08 March 2019

February, a bit late, on International Women's Day

I was going to write this in February, but am traveling and couldn't remember the current password, and it took Google several days to send a link so that I could set a new one.  So here it is, International Women's Day, and even though I didn't plan it this way, an update.

(And yes, because I have snarky male friends, there is an International Men's Day - so there.  No saying "well, every day is Men's Day, which is why they don't have one", because they do.)

A quick update on my resolutions:  I finished The Fortune Cookie Chronicles and have recommended it to someone who wanted to know the origins of some Chinese-American food we were having.  The book also talks about chow mein and other well-known items, not just the cookies.

Currently working on charity items due to a delivery deadline.  DFW Fiber Fest is not doing Knit Your Bit this year, so I am going to send the scarves I am making to them anyway, or donate them locally.  Keep Hartford Warm is doing another distribution next weekend and I've donated a number of scarves to them, and a friend's church collects for the local shelter.  I'll get back to my UFOs soon, and I am trying hard not to join Marly Bird's Tournament of Stitches make-along although I am collecting the pattern pieces for the future; I'm already working on Franklin Habit's lace scarf-along, but not in the pattern yarn - I had a special hank waiting for a project like this.

Plus I have added to my want-to-do list, especially after going to Stitches West.  I helped some friends in their booth, which cut down seriously on shopping, which is good because I wanted to save funds for DFW Fiber Fest, where they have lots of terrific indie dyers, several of whom do only-at-DFWFF colourways, which of course I have to collect.  So this is the sum of my purchases:
They had Girl Scouts doing a coat-and-bag check, and of course selling cookies.  The buttons are glass, the Princess Leia being the last one the artist had, the others going on some mitts I am designing.  the Apple Fiber Studio yarn is in a colourway called "Notorious" after Justice Ruth Bader Ginsburg, so I had to buy it.

I had other adventures at Stitches West.  First, I kept very quiet about going, because of this woman:
Alison Hyde is a lace designer and someone who has been part of the KnitTalk list since the beginning.  She goes to Stitches West every year, and when I started talking to my friends about helping, I decided to surprise Alison.  So I had to keep a sharp lookout for her, and since I had to work on Friday which necessitated me hiding out in an upstairs corner of the conference center for some random hours, I was afraid I would miss her.

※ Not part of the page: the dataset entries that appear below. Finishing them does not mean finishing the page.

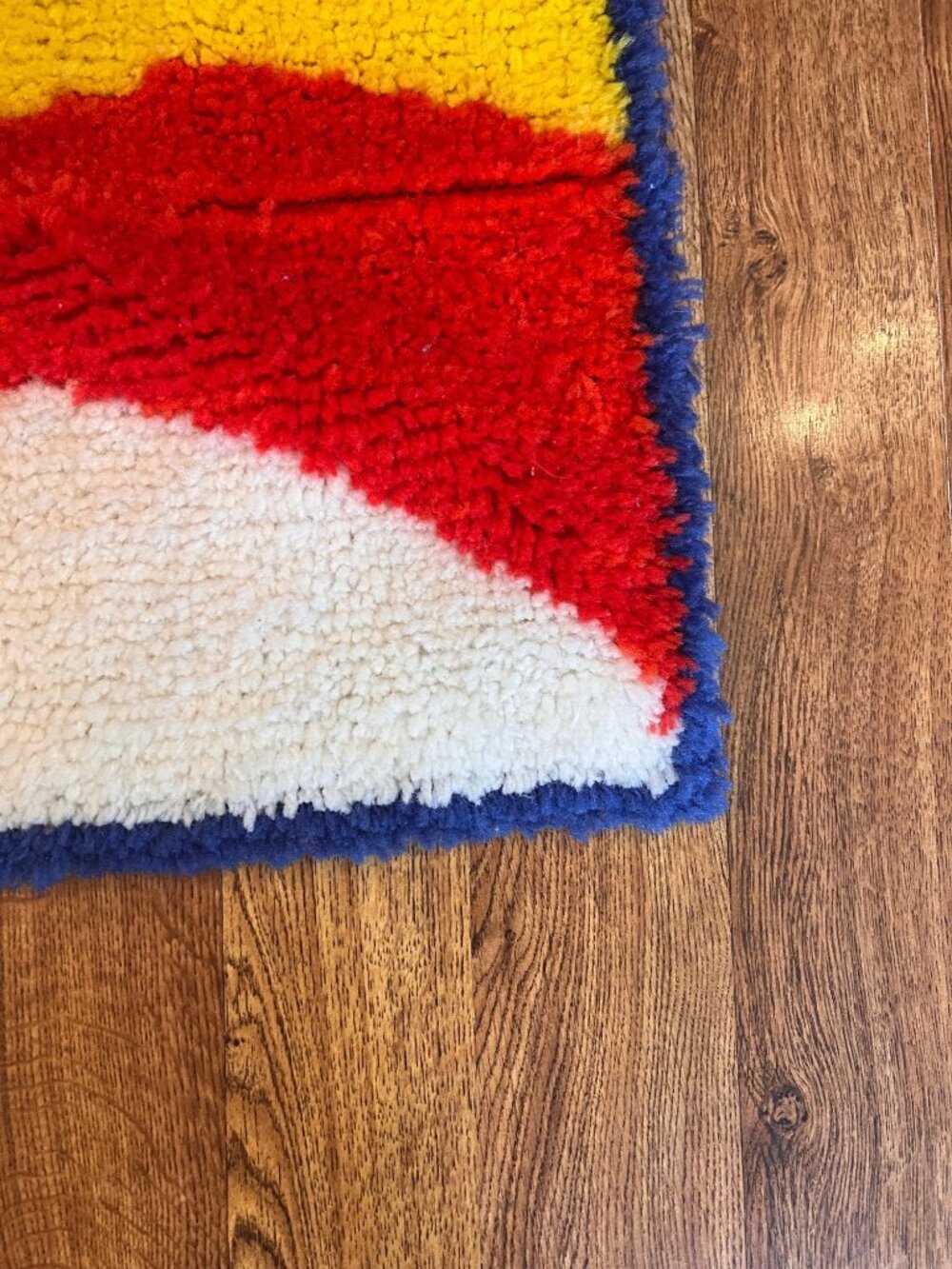 Rainbow Heart 1980s Latch Hook Rug Handmade Rectangular 24x16" Multicolor Vintag - Picture 4 of 8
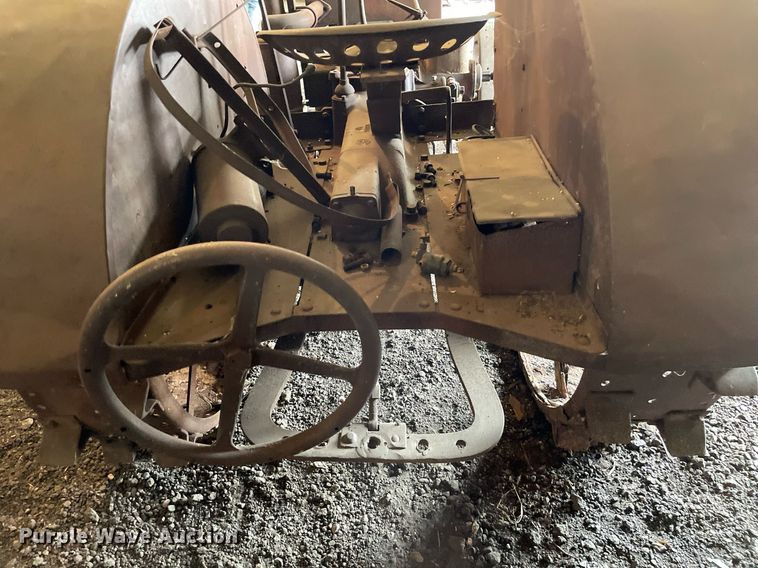 image for item MY9142 1928 McCormick-Deering 10-20  tractor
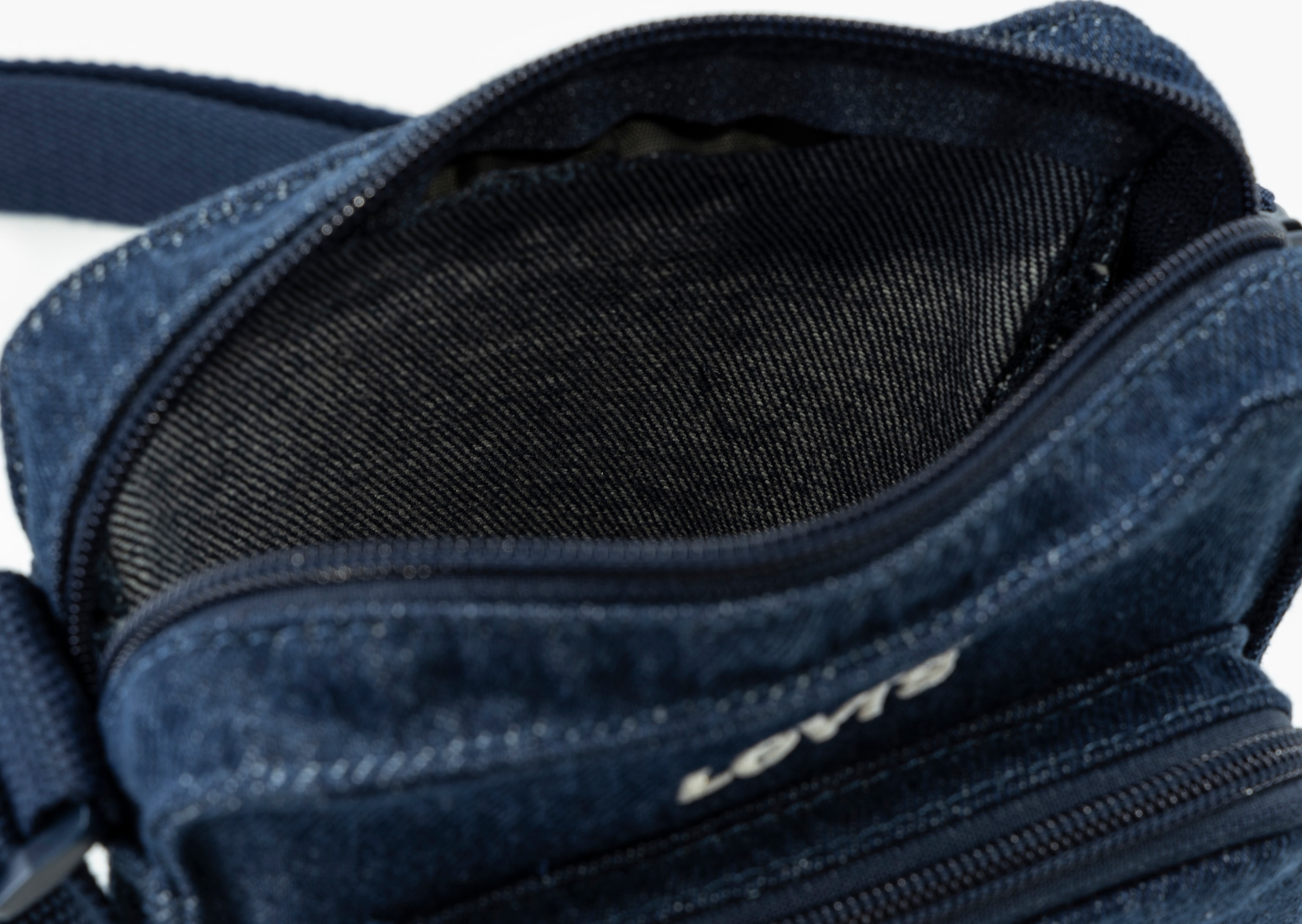 Levi's® Umhängetasche »SMALL NS ZIP CROSSBODY«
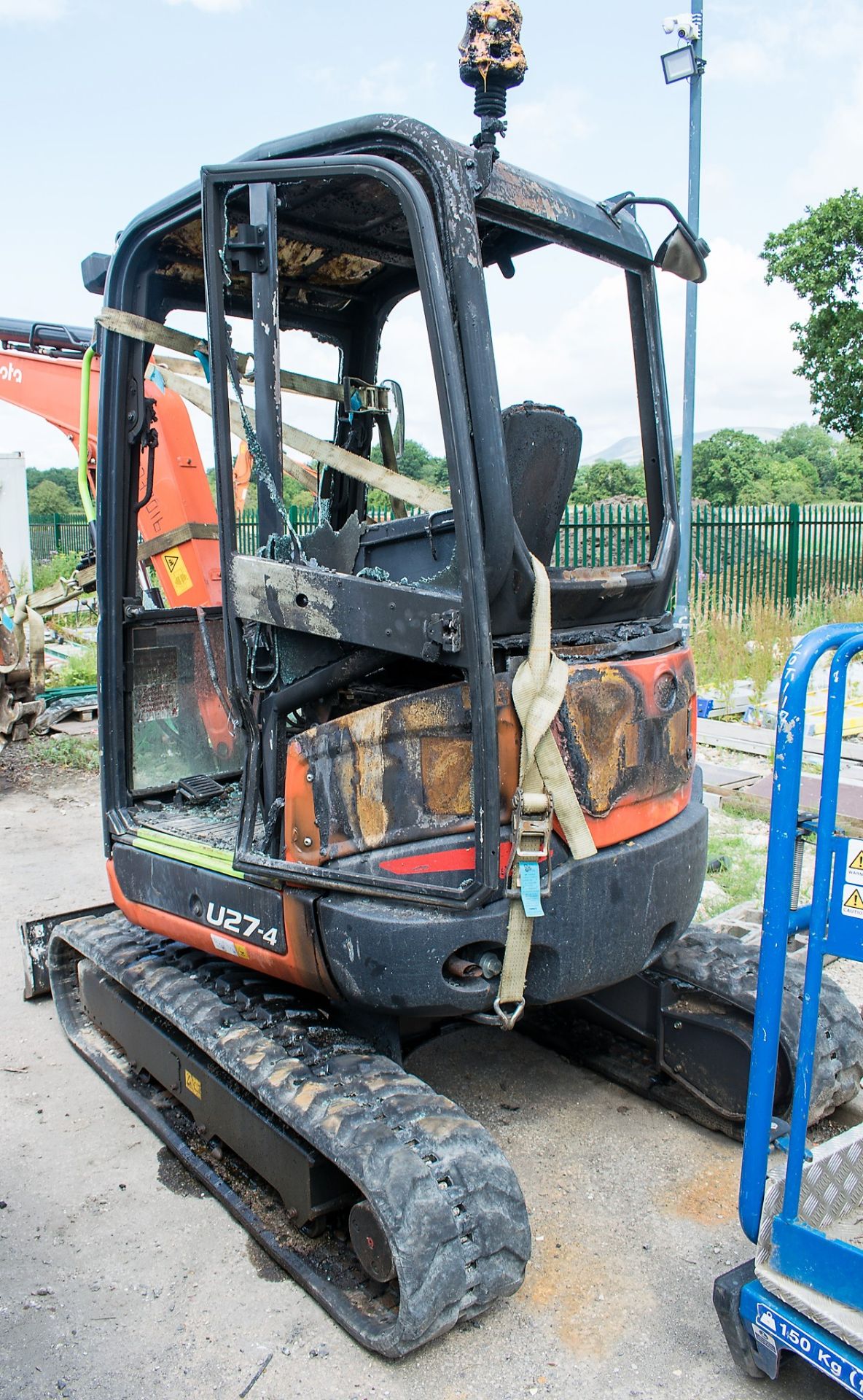 Kubota U27-4 2.8 tonne rubber tracked mini excavator Year: 2016 S/N: 58747 A739016 ** Subject to - Image 4 of 12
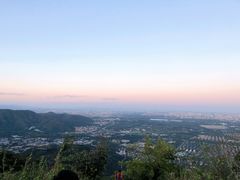 -鬼笑石后山停车场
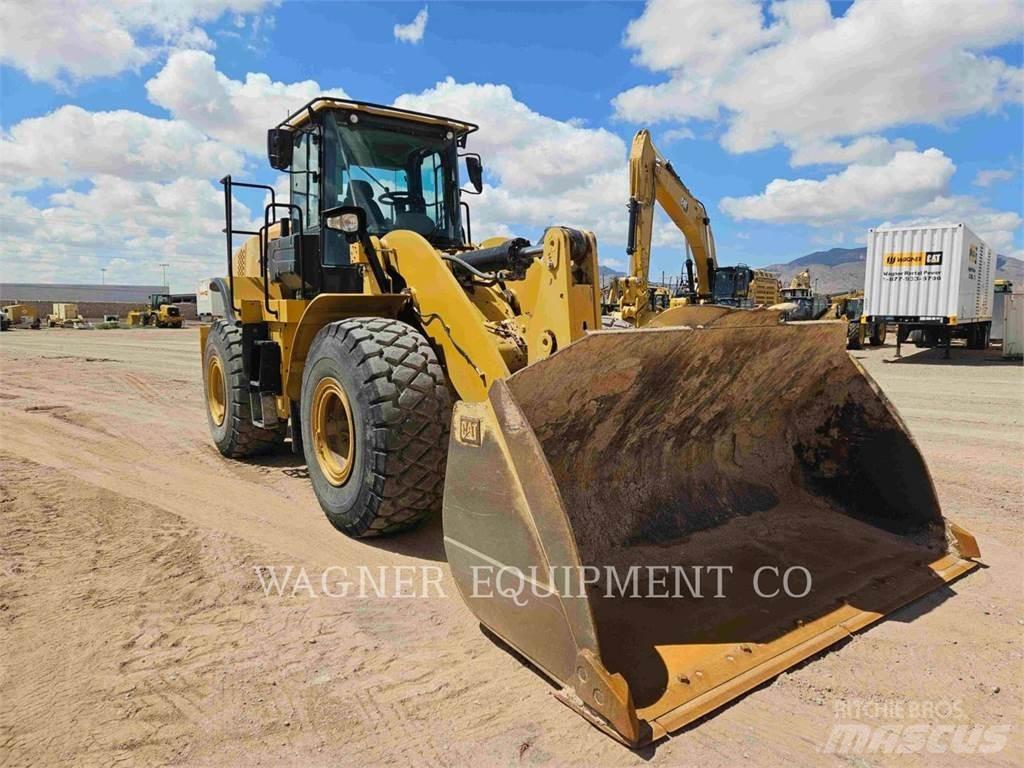 CAT 950M Kolesni nakladalci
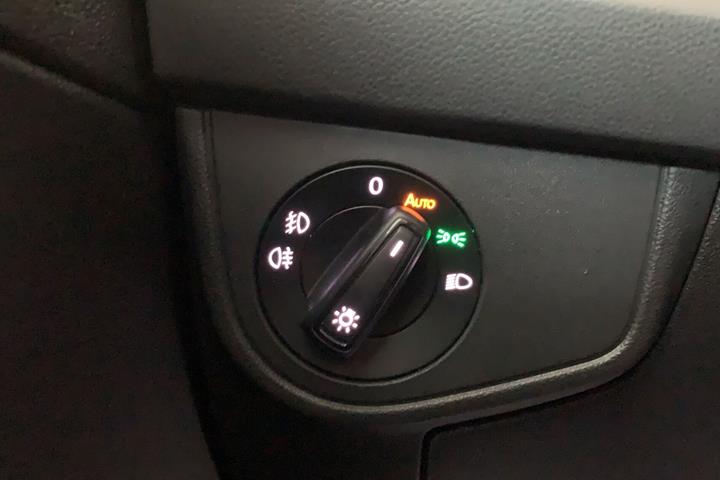Hvid VW Polo fra 2022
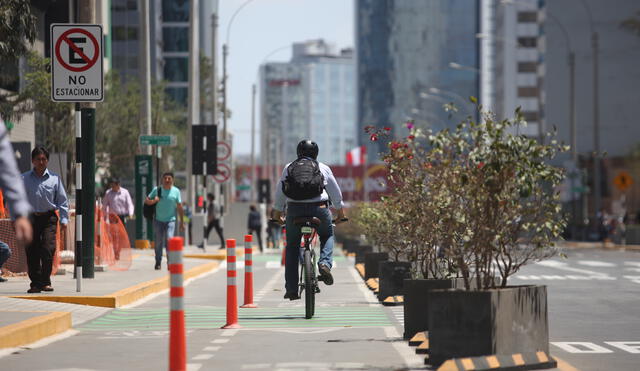 Según el observatorio Lima Cómo Vamos el 75% de limeños se movilizan en transporte público. La bicicleta está llamada a despoblar ese atolladero humano.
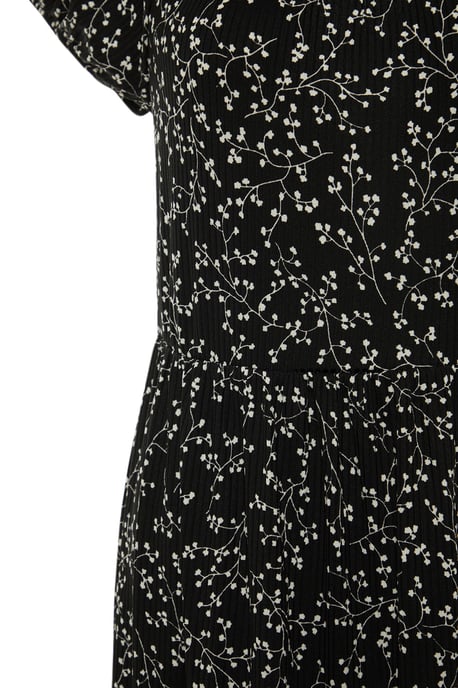 Trendyol Curve Dames Zwart Bloemen Maxi Kort Stijlvol/Avond A-lijn Grote maten Jurk - Image 5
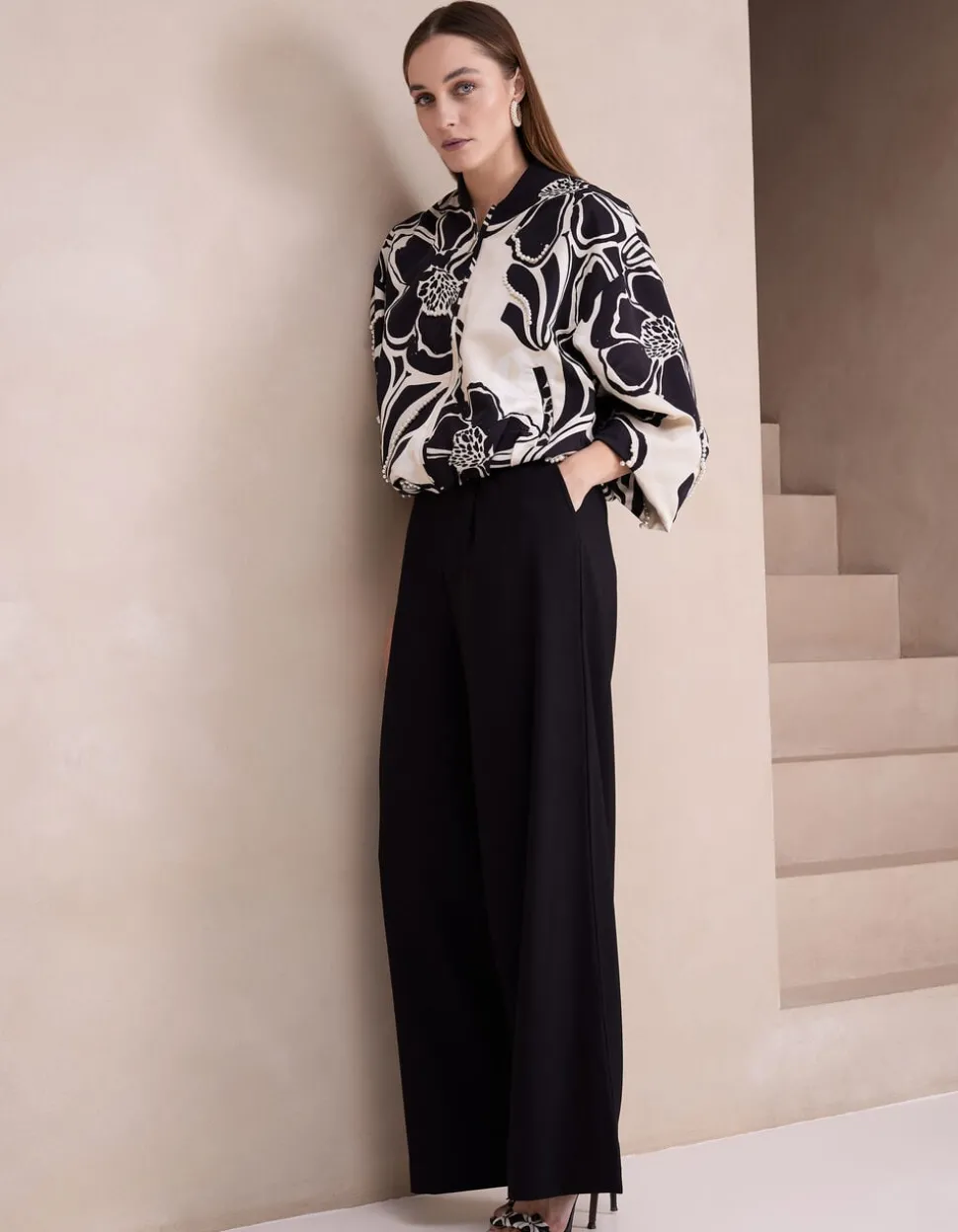Wide Leg Fit Broek Zwart By Mieke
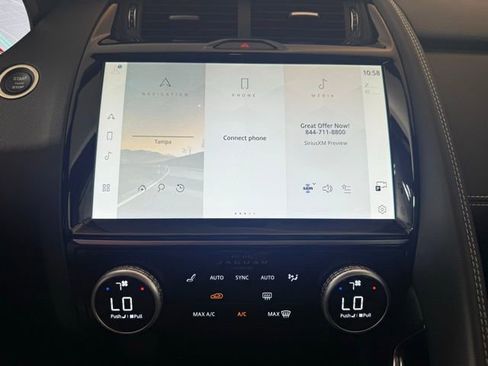 New 2024 Jaguar E-PACE R-Dynamic SE image 15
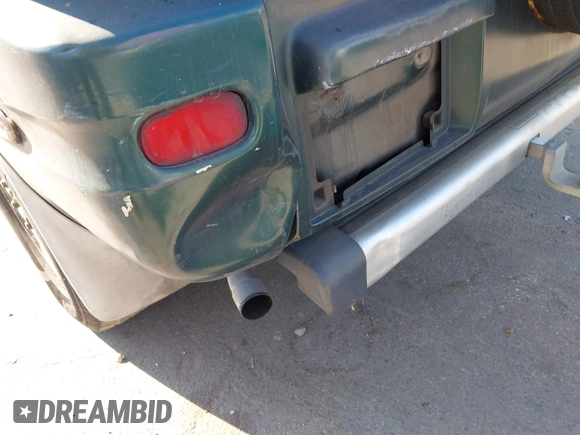 2000 Toyota RAV4 with VIN JT3GP10V4Y7067848, listed as a IAAI auction lot 42689181 with 174,750 mi miles and . Bid and sale history available at DreamBid. Image 6.
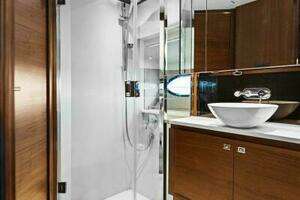 2016 Princess 60 Flybridge thumbnail 47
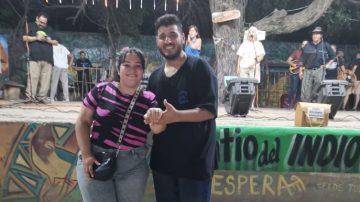 VIDEO. Le propuso matrimonio a su novia mientras bailaban en el Patio del Indio Froilán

Serendipitously, as I came back into the vendor hall once things were sorted, there she was!  Alison wrote her view of it.  Mine is that I knew she doesn't hear well, so when she didn't react to me telling her my name, I just held out my badge.  In the photo above Alison is holding some bamboo laceweight that I was saving just for her.  In response, she gave me the last two Meyer lemons she'd brought from her tree, and knew there was a reason she was still holding them after distributing all the others she'd brought.  Alison also had some chocolate she'd made, but I'm allergic to chocolate so she shared with others.  And the next day, knowing I am usually in a very cold and snowy land, Alison brought a wool hate which I think will go nicely with all my winter coats - black, grey, or teal:
It's much more glorious in person.

On Sunday, I had a surprise.  Many years ago, when I went to Santa Clara regularly on business, I was part of an online group of historical reenactors from various periods, one of whom worked as a printer at Old Town San Jose.  She and I got to be friends, and then lost touch after my travel out there abated and she moved to another part of the state.  She was a tatter, and has taken up knitting since we were in touch, because I noticed a very familiar-looking person coming through the booth looking properly dazed and overwhelmed at options.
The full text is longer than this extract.